Some acts (The Strypes, The Darkness), were born covers bands. Others (Robbie Williams) aspired to covers band-dom. But Weezer are one of precious few acts who have had covers band status thrust upon them.
So convinced was the listening public that ‘Teenage Dirtbag’ by Wheatus was actually by Rivers Cuomo and his crew of proto-emo dweeboids that Weezer eventually succumbed to popular pressure and began playing it live. It became a major semi-comic highlight of the show, so over 2018 they started dropping more covers in – songs carefully selected for just the right balance of cheese, popularity, sing-along-ability and ironic cult cool. ‘Africa’ by Toto. ELO’s ‘Mr Blue Sky’. ‘Take On Me’ by A-Ha. The sort of thing as much at home at a Peckham pop-up launch as your auntie Lorraine’s Essex wedding to Three Tooth Tony.
As a surprise release stop-gap ahead of their forthcoming thirteenth album ‘The Black Album’ – and to cash in on footage of their take on ‘Africa’ going viral, thanks to Weird Al Yankovich’s impersonation of Rivers playing the wobbliest accordion solo ever filmed – here are 10 of them, packaged in a kitsch colour which in itself suggests we don’t take the record as part of the official canon. ‘Africa’ hit the right notes because it dovetailed neatly with Weezer’s embrace of MOR synth-rock, and it’s a seam they mine for the first third of the record: ‘Everybody Wants To Rule The World’, ‘Sweet Dreams (Are Made Of This)’ and ‘Take On Me’ delivered with affectionate faithfulness. Only Rivers’ forlorn geography student vocal marks them out as part of this grand old Weez.

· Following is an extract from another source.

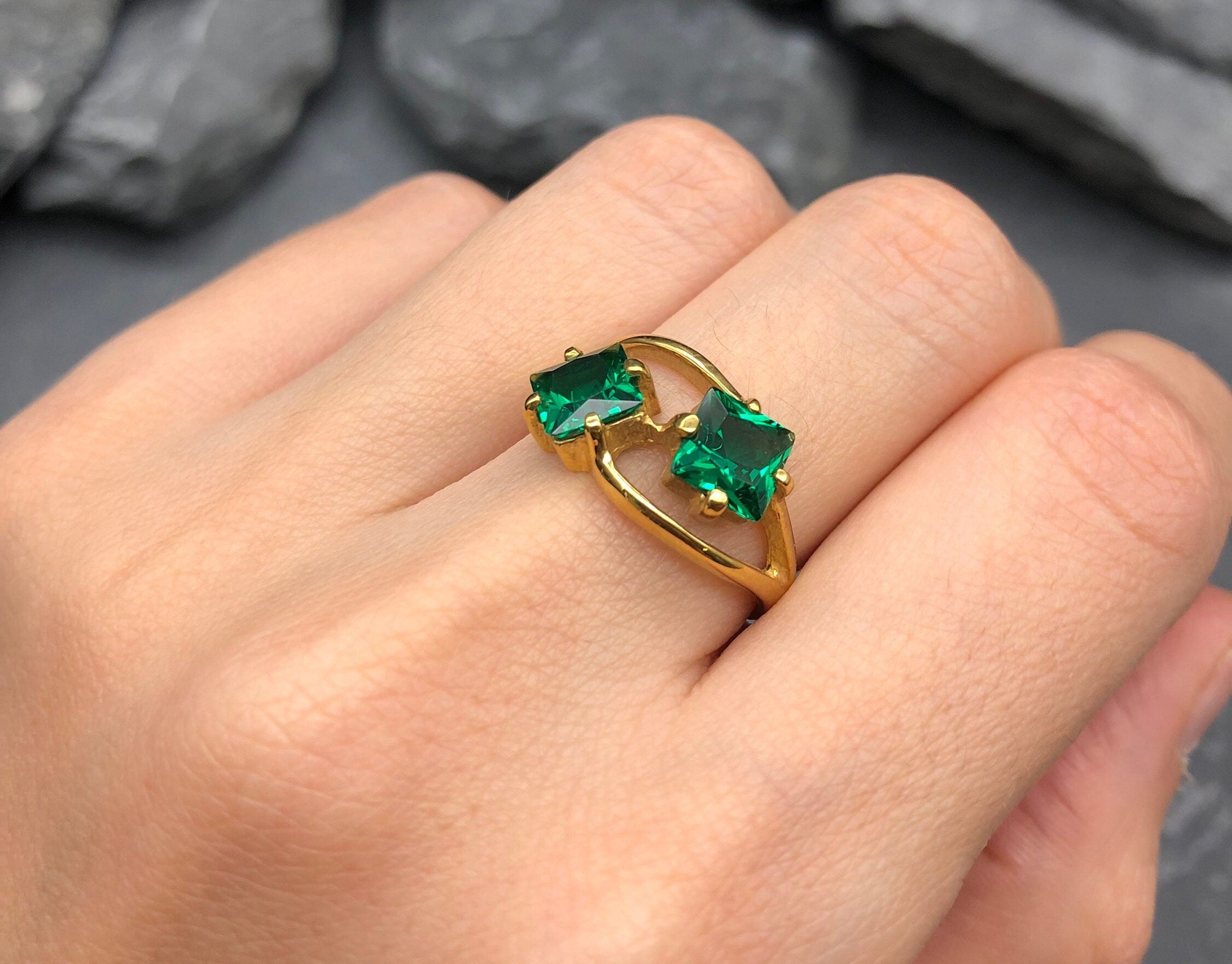 Gold Emerald Ring, Created Emerald, Two Stone Ring, Square Ring, Asymmetric Ring, Forever Us Ring, Statement Ring, Unique Ring, Gold Vermeil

Their forays into ’60s pop and classic rock have more of a unique Weezer stamp on. The Turtles’ ‘Happy Together’ is pumped into an emo epic, ELO’s ‘Mr Blue Sky’ swaps orchestral extravagance for meaty garage riffage and Black Sabbath’s ‘Paranoid’ has Rivers rattling out the sort of convincingly stilted Ozzy impression. Then a final bout of R&B, disco and classic blues sends the whole thing tumbling into all-out lark; you haven’t heard TLC’s ‘No Scrubs’ until you’ve heard it with a middle-eight of gnarly punk solos and sung by someone who’s only ever hung out the passenger side of his best friend’s ride to holler maths equations at anyone.
Respectful enough to rouse any struggling family gathering but knowing enough to amuse those in on the joke, ‘The Teal Album’ at once satirises the covers album and makes a decent stab at perfecting it.